The conclusion here is that the applications perform a block read and write operation to data already available in memory, and is not involved in data IO by interrupt.

From the analysis of the application traces, the following conclusions are stated:

Application trace 3.1: *there is no explicit X and Y data, i.e. the applications uses both with a similar weight.* This factor influences the memory model.

Application trace 3.2: the MP3 trace has duration of 655734 DSP clock cycles correspondent to 3.27 ms of CPU time (200 MHz). Each call to the main routine reads a varying number of samples and produces 1152 samples.

Application trace 3.3: the AAC trace has duration of 1171445 DSP clock cycles correspondent to 5.85 ms of CPU time (200 MHz). Each call to the main routine reads a 1024 input samples and produces 2048 samples.

Application trace 3.4: *the uncertainties related with the I/O stream can be estimated.* The estimation showed that the impact from I/O stream is not significant.

Application trace 3.5: *the trace does not contain interrupt code and does not consider the interaction with the cache.* The application was developed not taken into account the presence of the cache. The simulation assumes that the data is already available in memory.

#### 3.1.2 Cache architecture exploration

The first decision about the cache architecture respects the data memory model. Therefore, it is important to confront different cache memory models. For the study case the following cache models are confronted:

- XY shared cache memory space (double ported memory).
- Separated X data cache and Y data cache memory (one port memory).

*Table 6* shows the results of the simulations using the two models for fixed total sizes of 8Kw and 16Kw. The results show that a data cache model with a shared XY data has a lower miss rate when compared with a separated X and Y data cache model. The double-ported data memory model achieves better performance for several cases when the size is the same.

The conclusions from the results is that in case of separate X\$ and Y\$, a write to X can never be read by Y (and vice-versa) so it gives a miss. This can be done in shared XY, and the current applications exploit this feature, which was confirmed by the application trace analysis for the MP3 or AAC case and this is the reason for the higher miss rate. For the following simulations a share XY\$ data model is used.

Profiling supports the decision on parameters for the cache architecture. The three basic parameters of a cache are the size, the line size, and degree of associativity. In cache designs, the problem often resides in the choice of these three parameters. In order to derive the reference cache architecture some basic parameters are kept fixed and the focus is on these three parameters. It is not reasonable to analyze at this point every possible cache configuration and the focus is on the cache basic parameters. For the simulations, the cache line replacement algorithm is the PLRU and the MMU is programmed in order to set write-back policy for all memory range. In order to get data on the miss rate, a stand-alone trace profiler processes the traces over a wide

range of cache configurations. In order to simulate several cache configurations in a single run, a script file programmed in perl is used. The program and data cache have the same configuration for each data point. The results are shown in *Figure 51-56*.

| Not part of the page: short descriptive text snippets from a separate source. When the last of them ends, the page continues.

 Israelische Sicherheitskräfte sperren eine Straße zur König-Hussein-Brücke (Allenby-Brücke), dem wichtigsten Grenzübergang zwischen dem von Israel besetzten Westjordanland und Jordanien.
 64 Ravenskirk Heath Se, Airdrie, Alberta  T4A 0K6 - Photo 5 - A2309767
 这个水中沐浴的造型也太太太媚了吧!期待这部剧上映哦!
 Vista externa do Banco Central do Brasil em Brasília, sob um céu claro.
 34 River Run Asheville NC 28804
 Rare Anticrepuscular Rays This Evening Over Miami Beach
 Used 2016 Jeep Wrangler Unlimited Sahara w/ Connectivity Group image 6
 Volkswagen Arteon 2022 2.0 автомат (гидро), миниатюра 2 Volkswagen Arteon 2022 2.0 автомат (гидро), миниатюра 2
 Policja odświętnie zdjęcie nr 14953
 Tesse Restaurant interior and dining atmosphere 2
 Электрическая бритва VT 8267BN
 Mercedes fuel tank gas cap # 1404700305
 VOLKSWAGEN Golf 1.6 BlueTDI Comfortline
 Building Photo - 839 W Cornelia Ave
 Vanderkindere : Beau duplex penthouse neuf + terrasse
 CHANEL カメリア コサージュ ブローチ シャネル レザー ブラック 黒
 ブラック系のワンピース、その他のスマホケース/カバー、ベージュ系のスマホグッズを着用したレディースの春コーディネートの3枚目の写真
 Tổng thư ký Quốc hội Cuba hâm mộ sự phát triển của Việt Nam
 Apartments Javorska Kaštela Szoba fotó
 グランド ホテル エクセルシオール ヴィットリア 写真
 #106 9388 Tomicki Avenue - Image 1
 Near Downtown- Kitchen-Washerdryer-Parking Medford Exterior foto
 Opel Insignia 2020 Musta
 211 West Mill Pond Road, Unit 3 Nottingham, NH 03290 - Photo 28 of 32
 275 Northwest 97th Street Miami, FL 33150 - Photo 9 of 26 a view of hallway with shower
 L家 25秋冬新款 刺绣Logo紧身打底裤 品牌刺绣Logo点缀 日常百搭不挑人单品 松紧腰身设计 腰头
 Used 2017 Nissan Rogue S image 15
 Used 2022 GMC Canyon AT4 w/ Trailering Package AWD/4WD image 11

The following observations can be derived from the *Figure 51 and 52*:

- The miss rate decreases with bigger the cache line. This is the result of less compulsory misses. We can conclude that there is locality applications
- Decreases with the bigger cache sizes. This is the result of less capacity misses.
- The increase of the cache associativity has a bigger impact with a cache size of 8 Kword (I\$=D\$). This is the result of less conflict misses.
- A direct-mapped cache size 8Kw has about the same miss rate as two-way set associative cache of size 4kw for cache line size of 2, 4 and 8w. For cache lines bigger than 8w, the miss rate of a direct-mapped cache size 8Kw is higher than a n-way set associative cache of size 4kw. This is the result of the increase in conflict misses.
- The flat line indicates that the application fits in the cache and hence. This is the result of compulsory misses.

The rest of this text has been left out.